Biography
Paul Burstein is Professor in the Graduate School, and Professor of Sociology, Samuel and Althea Stroum Chair in Jewish Studies, and Adjunct Professor of Political Science, emeritus
Burstein's research has focused on politics, social movements, social stratification, research methods, and the American Jewish community. He has studied the anti-Vietnam war movement; the movement for equal employment opportunity; the impact of public opinion, political organizations, and advocacy activities on public policy; the factors affecting the economic success of racial, ethnic, and religious groups; and research methods for the study of politics.
His recent book, American Public Opinion, Advocacy, and Policy in Congress: What the Public Wants and What It Gets (Cambridge University Press) analyzes congressional action on 60 randomly selected policy proposals, including proposals leading to the Americans with Disabilities Act, the savings and loan bailout of 1990, changes in taxes on capital gains, environmental regulations, and patents for scientific work done in outer space. He discovers that public opinion has little impact on Congress, not because special interests are so powerful, but because on most issues the public has no opinions. And public political activity intended to influence congressional action on specific policies also has little impact, mainly because on most issues there is too little public political activity to matter. These findings raise fundamental questions about the nature of democracy.
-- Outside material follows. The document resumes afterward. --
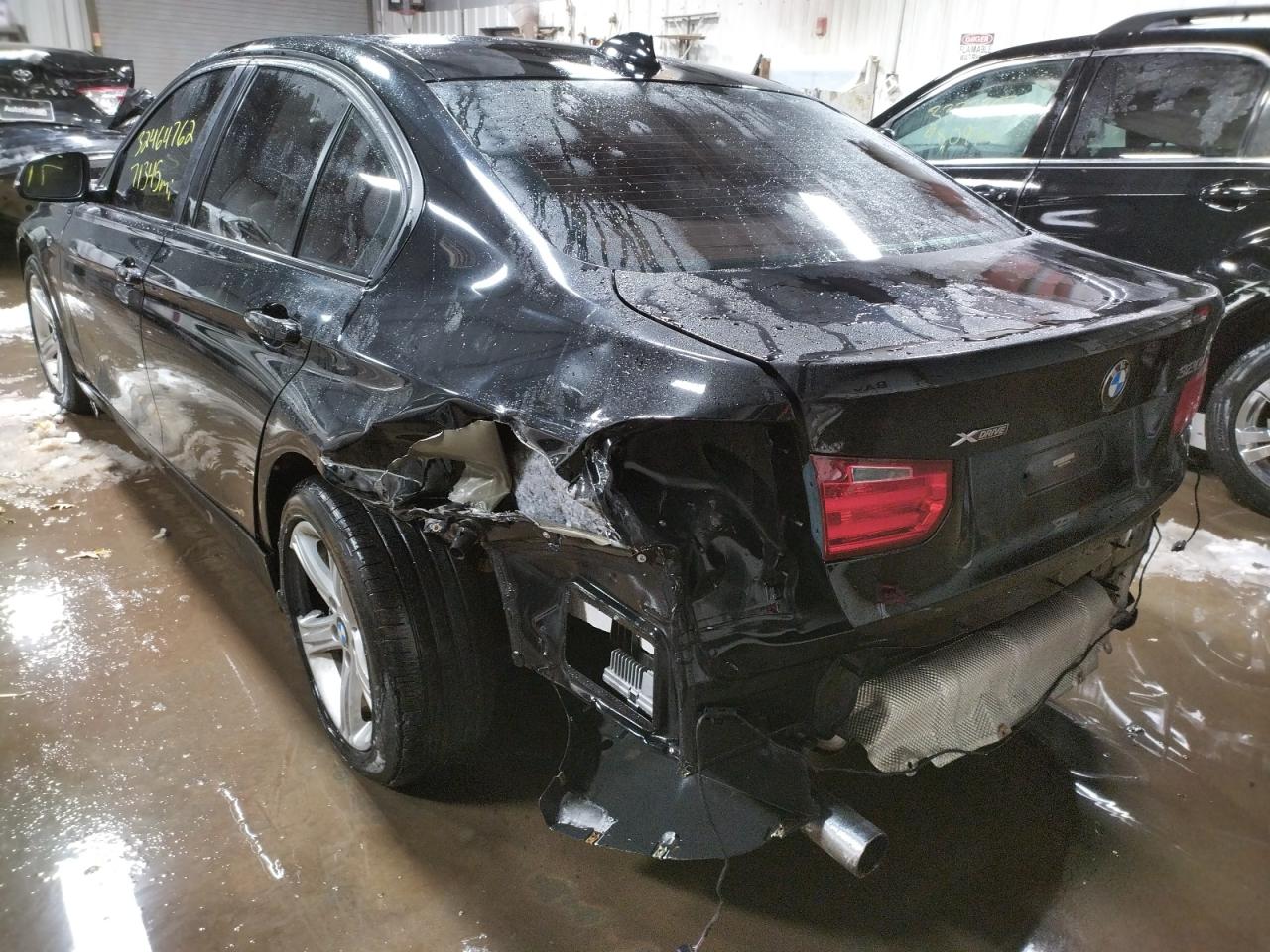 Photo 3 from auction – 2015 BMW 320 I XDRI with VIN WBA3C3C57FK201885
Burstein’s current research focuses on how to improve our understanding of the forces affecting public policy—how much do public opinion, lobbying, protest and other advocacy activities matter, and how may we best interpret their impact?
Burstein has served as a member of the Council of the American Sociological Association, the ASA's elected Committee on Publications, and the Sociology Advisory Panel of the National Science Foundation, and has been on the editorial boards of more than a dozen journals in sociology, political science, law and society, and Jewish studies. His B.A. is from the University of Chicago and his Ph.D. from Harvard.